We have horizontal asymptote when ${\lim}_{x \to \pm \infty} f \left(x\right) = k$, a constant. This hapens in algebraic functions, when degree of numerator is equal to that of denominator, which is the case here.

Here ${\lim}_{x \to \pm \infty} \frac{4 + {x}^{4}}{{x}^{2} - {x}^{4}}$

= ${\lim}_{x \to \pm \infty} \frac{\frac{4}{x} ^ 4 + 1}{\frac{1}{x} ^ 2 - 1}$

= $\frac{1}{- 1} = - 1$

Hence we have a horizontal asymptote $y = - 1$

Slant asymptote is there when degree of numerator is just one more than that of denominator. Here we do not have a slant asymptote.

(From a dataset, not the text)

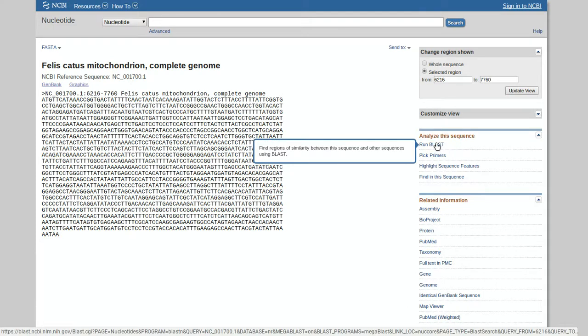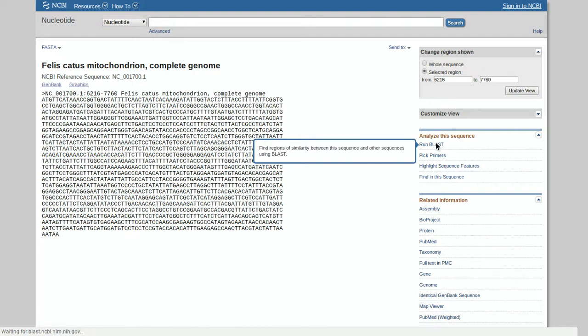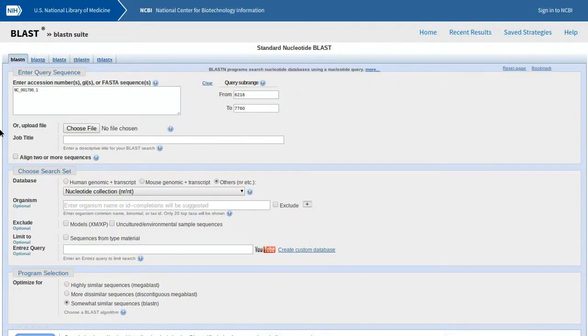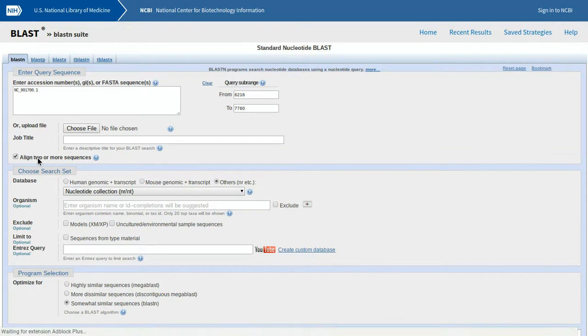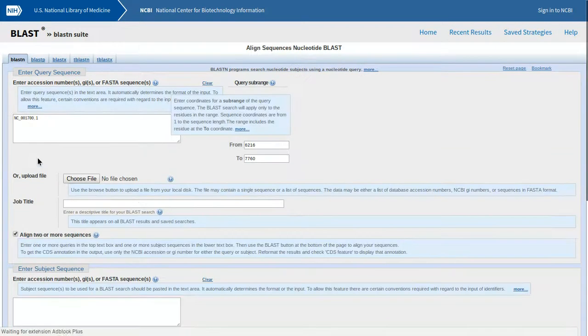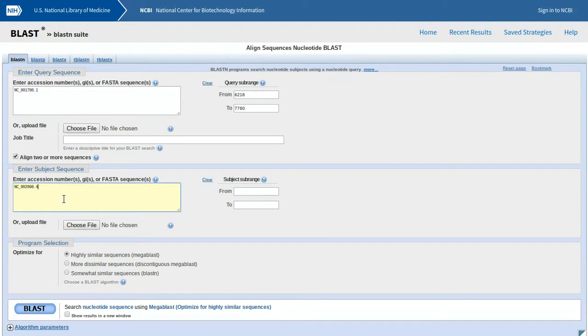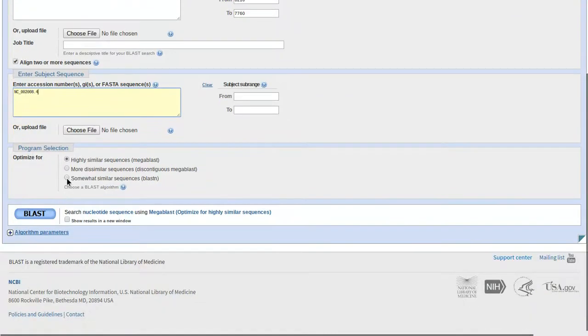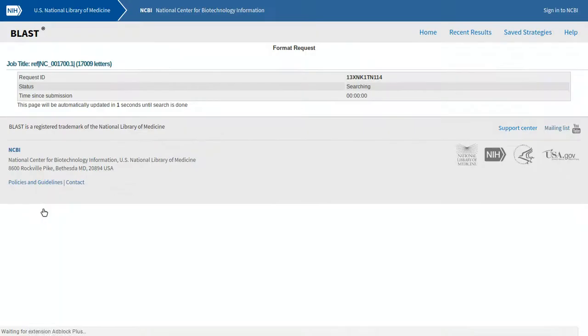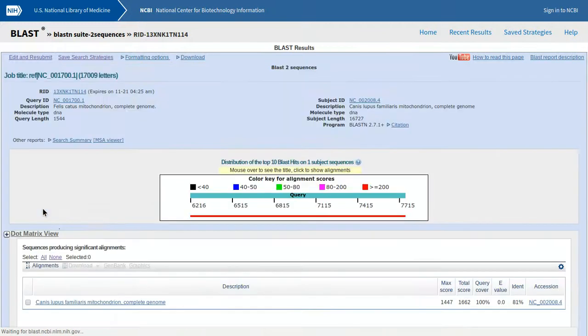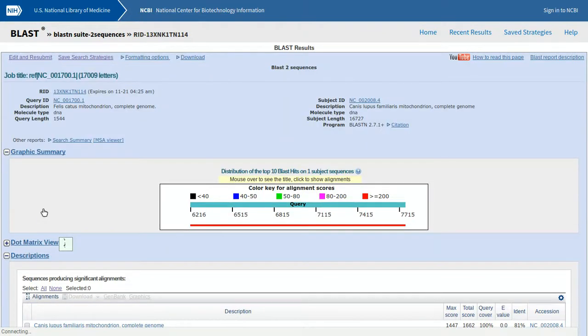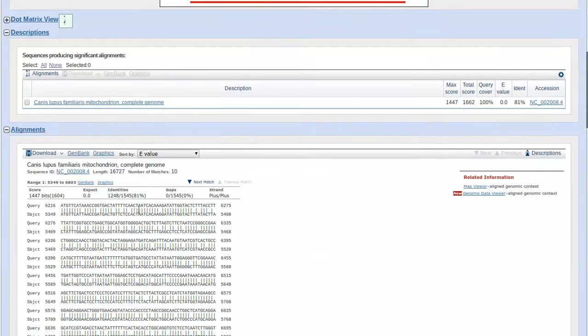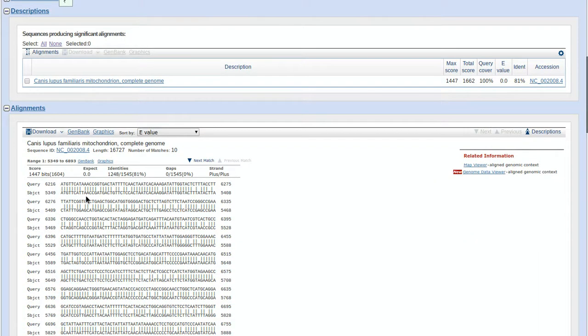which is underneath analyze the sequence, it automatically puts a code into the sequence, the number sequence. Now we're going to click align two or more sequences. After you do this, just paste the code you copied, somewhat similar. Now we're going to BLAST it. This shouldn't take that long. It didn't take long at all.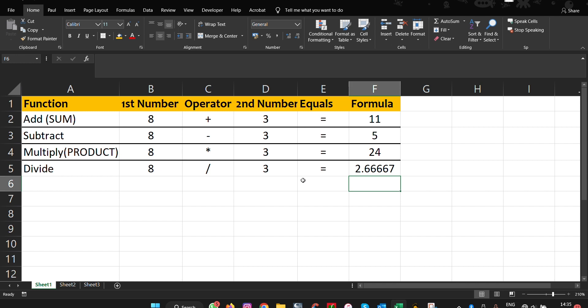So this is how you use the basic mathematical operations in Microsoft Excel to improve your calculations. Thank you for watching this video. Please remember to subscribe so that I keep on making more of these important videos that will help you to excel, to improve your skills in Microsoft Excel. Bye for now, and ciao.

graph{(4+x^4)/(x^2-x^4) [-10, 10, -10, 25]}

As an example of slant asymptote consider $\frac{4 + {x}^{5}}{{x}^{2} - {x}^{4}}$

${\lim}_{x \to \pm \infty} \frac{4 + {x}^{5}}{{x}^{2} - {x}^{4}}$

= ${\lim}_{x \to \pm \infty} \frac{\frac{4}{x} ^ 4 + x}{\frac{1}{x} ^ 2 - 1}$

= $\frac{x}{- 1} = - x$ and slant asymptote is $y = - x$ or $x + y = 0$

graph{(4+x^5)/(x^2-x^4) [-10, 10, -10, 25]}

Graphs not drawn to scale.